To post messages, you must log in.

AuthorMessage
Jesse Viviano

Send message
Joined: 12 Feb 14
Posts: 72
Credit: 4,639,155
RAC: 0
Message 27154 - Posted: 14 Feb 2015, 2:01:27 UTC

I am using a Core i7-980X running 64-bit Windows 7. I recently noticed that my computer started to crunch SSE2 work units when it supports instruction sets up to SSE3 (a.k.a. PNI), and that it used to exclusively use the PNI application. I then let them finish and drain out. I then reset the project to try to get sent the SSE3 or PNI applications to get back to full speed. I knew that SSE3 was a minor improvement over SSE2, but I wanted maximum throughput. I was then given the no optimization 64-bit application, which the task manager shows is running in 32-bit mode by showing a *32 suffix to the process name. This application is much slower because the x87 FPU (the standard FPU for 32-bit x86 processors) is very slow and is the reason AMD made SSE2 the standard FPU for 64-bit mode. Could someone please fix the scheduler to send the correct applications to the correct computers?
ID: 27154 · Report as offensive     Reply Quote
[AF>FAH-Addict.net]toTOW

Send message
Joined: 9 Oct 10
Posts: 77
Credit: 3,671,357
RAC: 0
Message 27158 - Posted: 14 Feb 2015, 10:16:06 UTC

I'm seeing the same behaviour on my machines ...
ID: 27158 · Report as offensive     Reply Quote
Richard Haselgrove

Send message
Joined: 27 Oct 07
Posts: 186
Credit: 3,297,640
RAC: 0
Message 27159 - Posted: 14 Feb 2015, 13:43:27 UTC

I'm getting tasks mostly allocated to the sse2 application too, but I think the scheduler - within its own limitations - is operating as it was designed to.

The BOINC server keeps track of the apparent efficiency of each application, on each computer. You can see the values on the Application details link for each host - that link is my i7.

The efficiency is expressed as the 'Average processing rate' (APR) in GFLOPS. At the time of writing, my i7 is showing:

32-bit apps
SSE2: 11.72 GFLOPS
PNI: 10.12 GFLOPS

64-bit apps
SSE2: 13.51 GFLOPS
PNI: 10.51 GFLOPS

(make sure you look at the current 451.07 version, that the bottom of the list, when checking your own values)

So, on the information available, the scheduler is correct in picking SSE2 for that host (and a few others I've checked).

So, why does the SSE2 app appear to be faster, when we all know it isn't in reality? It's all to do with the averaging - the server doesn't measure the speed of each application directly, but works it out from the size of the jobs being sent out, and the time they take to run.

For this particular project, there are two problems with this approach.

1) 'The size of the job'. This is declared by the scientist submitting the job, and known as <rsc_fpops_est> - it's also used to calculate the estimated runtime shown in the task list in BOINC Manager.

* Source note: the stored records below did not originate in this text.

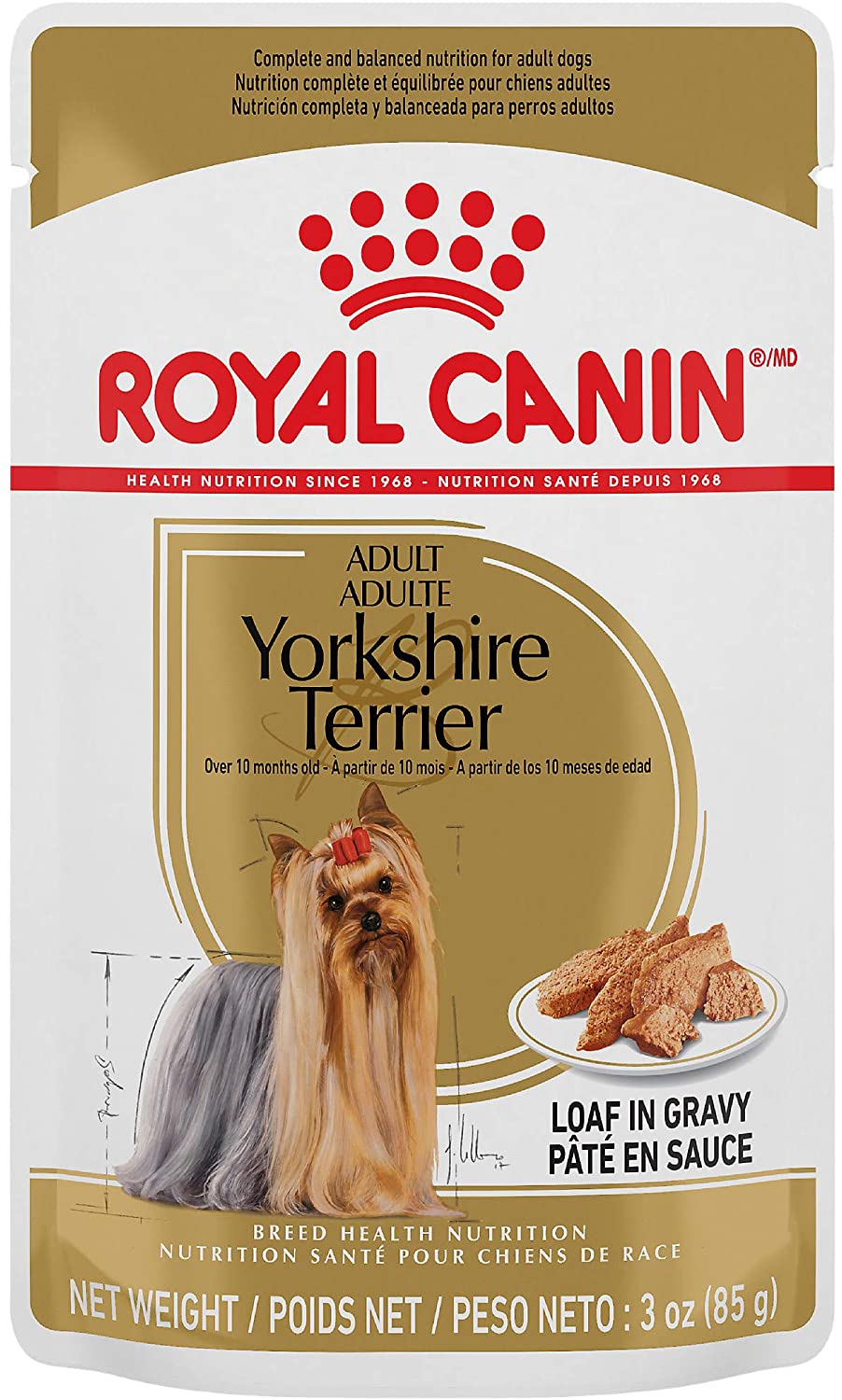 Royal Canin Yorkshire Terrier Wet Adult Dog Food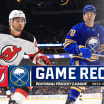 New Jersey Devils Buffalo Sabres game recap March 29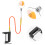 4Sets Adjustable Ping-Pong Training Gear for Reaction and Coordination 11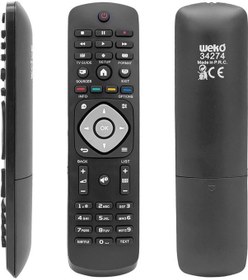 Resim Philips Lcd-led Tv Kumandası Rm-l1225 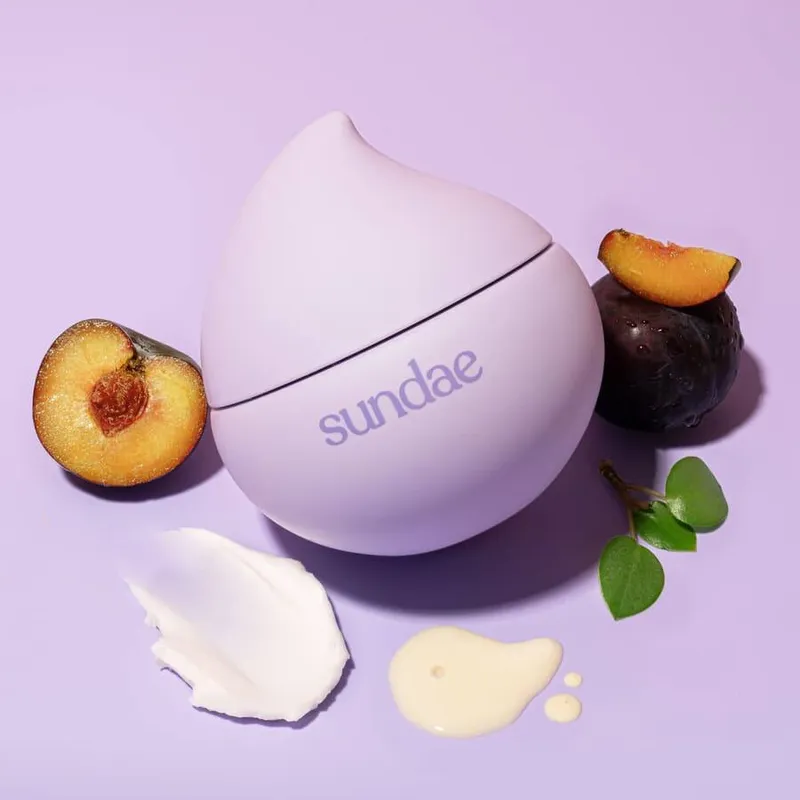 Bild 3 för Sundae Whipped Body Moisturiser - Perky Plum 220 ml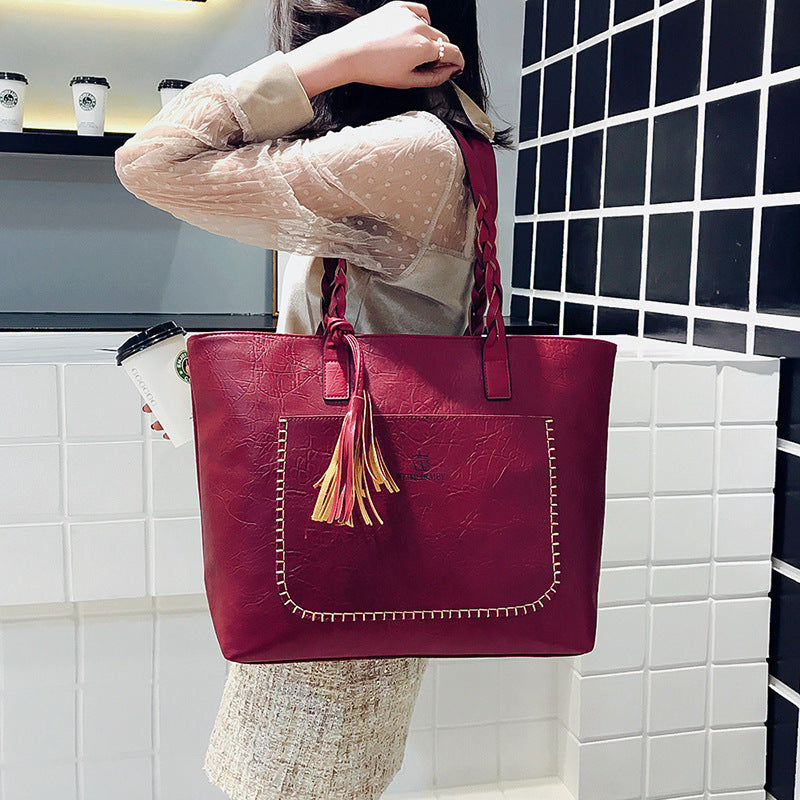 Letter hand bag Hanzuva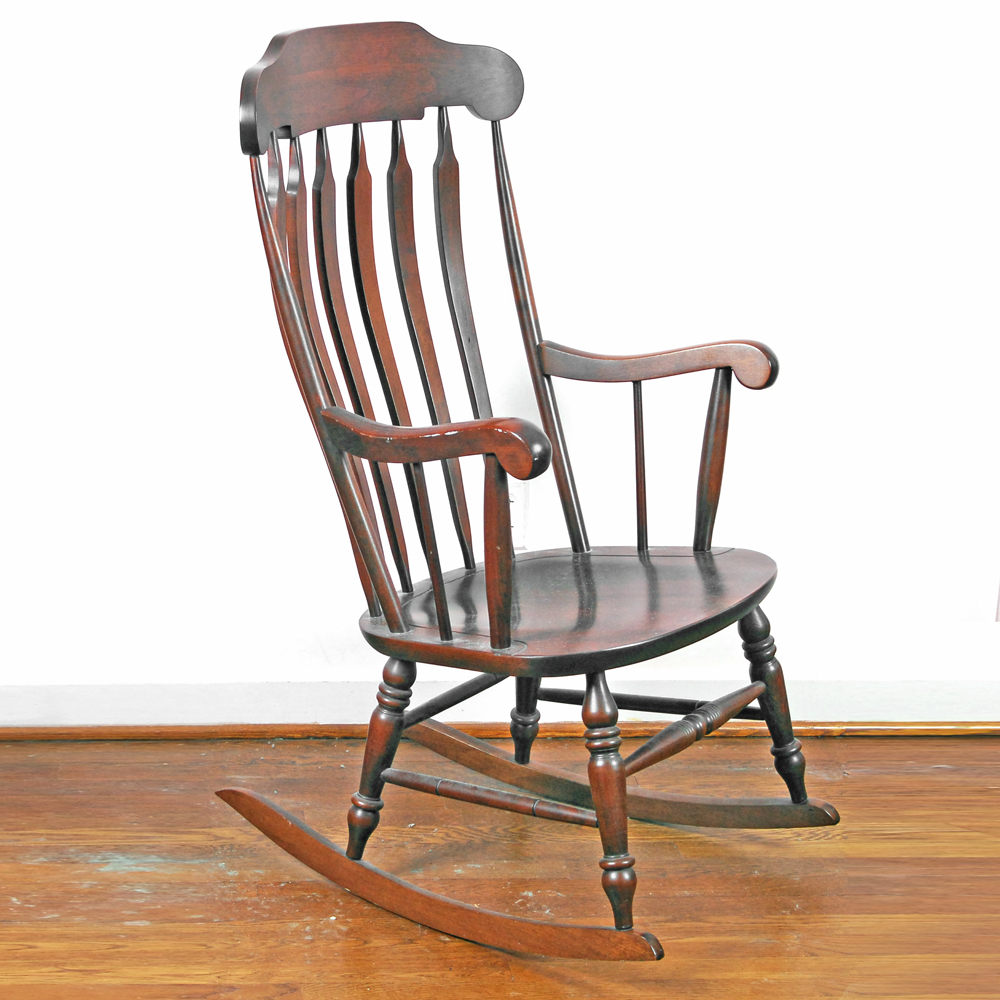 Vintage Rocking Chair by Nichols & Stone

I haven't been keeping detailed records, but I have a suspicion that not every job has had the appropriate <rsc_fpops_est> recently: if the estimate is too low, and the job runs longer than BOINC expects, then the speed appears low and the application less efficient.

2) 'The time they take to run'. As we know, LHC is looking for collider design parameters which result in stable orbits - and they are particularly interested in finding and eliminating instabilities which result in particles colliding with the tunnel wall or magnets. Better that virtual particles hit virtual walls in our computers, than in the real thing.

Maybe there were a batch of long-running tasks which drove down the APRs for SSE3/PNI, followed by a batch of tunnel-hitters just after we'd switched to SSE2? I can't be certain, but it's possible.

Within the limits of the current BOINC runtime-estimation tools, I'm not sure what the project can do about this. One thing would be to stress on the scientists the importance of checking and adjusting the <rsc_fpops_est> for the jobs they're submitting. Another possibility is marking the tunnel-hitters as 'Runtime outliers' (via the validator), so that a task which finishes early doesn't get taken to mean a super-fast processor or application.
ID: 27159 · Report as offensive     Reply Quote
Jesse Viviano

Send message
Joined: 12 Feb 14
Posts: 72
Credit: 4,639,155
RAC: 0
Message 27160 - Posted: 14 Feb 2015, 21:21:54 UTC - in response to Message 27159.  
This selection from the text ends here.